1. a. A family deciding whether to buy a new car faces a tradeoff
between the cost of the car and other things they might want to
buy. For example, buying the car might mean they must give up
going on vacation for the next two years. So the real cost of
the car is the family's opportunity cost in terms of what they
must give up.

b. For a member of Congress deciding whether to increase spending
on national parks, the tradeoff is between parks and other
spending items or tax cuts. If more money goes into the park
system, that may mean less spending on national defense or on
the police force. Or, instead of spending more money on the
park system, taxes could be reduced.

c. When a company president decides whether to open a new factory,
the decision is based on whether the new factory will increase
the firm's profits compared to other alternatives. For example,
the company could upgrade existing equipment or expand existing
factories. The bottom line is: Which method of expanding
production will increase profit the most?

d. In deciding how much to prepare for class, a professor faces a
tradeoff between the value of improving the quality of the
lecture compared to other things she could do with her time,
such as working on additional research.

2. When the benefits of something are psychological, such as going on a
vacation, it isn't easy to compare benefits to costs to determine if
it's worth doing. But there are two ways to think about the benefits.
One is to compare the vacation with what you would do in its place.
If you didn't go on vacation, would you buy something like a new set
of golf clubs? Then you can decide if you'd rather have the new clubs
or the vacation. A second way is to think about how much work you had
to do to earn the money to pay for the vacation; then you can decide
if the psychological benefits of the vacation were worth the
psychological cost of working.

3. If you are thinking of going skiing instead of working at your part-
time job, the cost of skiing includes its monetary and time costs,
which includes the opportunity cost of the wages you are giving up by
not working. If the choice is between skiing and going to the library
to study, then the cost of skiing is its monetary and time costs
including the cost to you of getting a lower grade in your course.

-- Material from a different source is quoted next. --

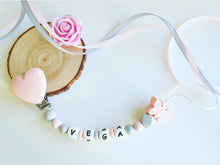 Cargar imagen en el visor de la galería, Chupeteros Personalizados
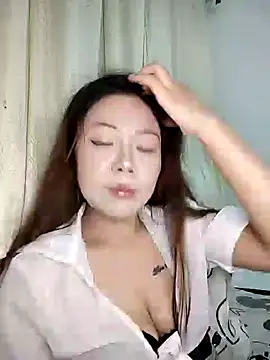 Snapshot of -Bianca- chatting on 09.28.25 -Bianca- online show from 09.28.25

4. If you spend $100 now instead of saving it for a year and earning 5
percent interest, you are giving up the opportunity to spend $105 a
year from now. The idea that money has a time value is the basis for
the field of finance, the subfield of economics that has to do with
prices of financial instruments like stocks and bonds.

5. The fact that you've already sunk $5 million isn't relevant to your
decision anymore, since that money is gone. What matters now is the
chance to earn profits at the margin. If you spend another $1 million
and can generate sales of $3 million, you'll earn $2 million in
marginal profit, so you should do so. You are right to think that the
project has lost a total of $3 million ($6 million in costs and only
$3 million in revenue) and you shouldn't have started it. That's
true, but if you don't spend the additional $1 million, you won't have
any sales and your losses will be $5 million. So what matters is not
the total profit, but the profit you can earn at the margin. In fact,
you'd pay up to $3 million to complete development; any more than
that, and you won't be increasing profit at the margin.

6. Harry suggests looking at whether productivity would rise or fall.